Convinced? Ready to get started?

Before you start

Install TimescaleDB

For the purposes of this demonstration, we are going to use TimescaleDB hosted on Managed Service for TimescaleDB. You can sign up for Managed Service for TimescaleDB here for a 30-day free trial.

Install Confluent

Next, you will need to set up Confluent. You can get started with Confluent (if you are not already running the platform) via their quick start guide.

Understand the data pipeline

Now, let's take a high-level view of the setup:

From the diagram above, you can see we are ingesting data into Kafka from upstream data sources (e.g. servers, edge devices). This data will pass through a Kafka topic that is subscribed to via the Kafka Connect JDBC sink connector, which inserts that data into TimescaleDB for storage and processing.

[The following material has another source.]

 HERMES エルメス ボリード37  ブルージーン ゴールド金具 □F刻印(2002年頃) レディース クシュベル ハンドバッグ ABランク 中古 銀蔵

Set up the JDBC sink connector

Since TimescaleDB is built on top PostgreSQL, any tools or extensions that work with PostgreSQL work with TimescaleDB. This means we can use the JDBC sink connector that is readily available to make the Kafka-to-TimescaleDB connection.

Let's start by setting up our TimescaleDB instance as a consumer of a Kafka topic. For this we are going to use the JDBCSinkConnector accessed through the Confluent UI.

Here we are accessing the Kafka Connect functions in Confluent to setup the JDBC sink connector, and subscribe our TimescaleDB instance to a topic. The next set of configuration steps are form driven in the Confluent platform. The platform provides tooltips for each setting, in the next few paragraphs we will cover the most relevant items.

The first few sections of the setup form are straightforward. First we are going to associate the connection with a topic or set of topics (you will want to have a topic set up at this point).

The next field is preselected for you and it asks how you want Kafka to connect to your data (in this case JDBC sink connector is pre-selected). Next, we want to give our connection a name.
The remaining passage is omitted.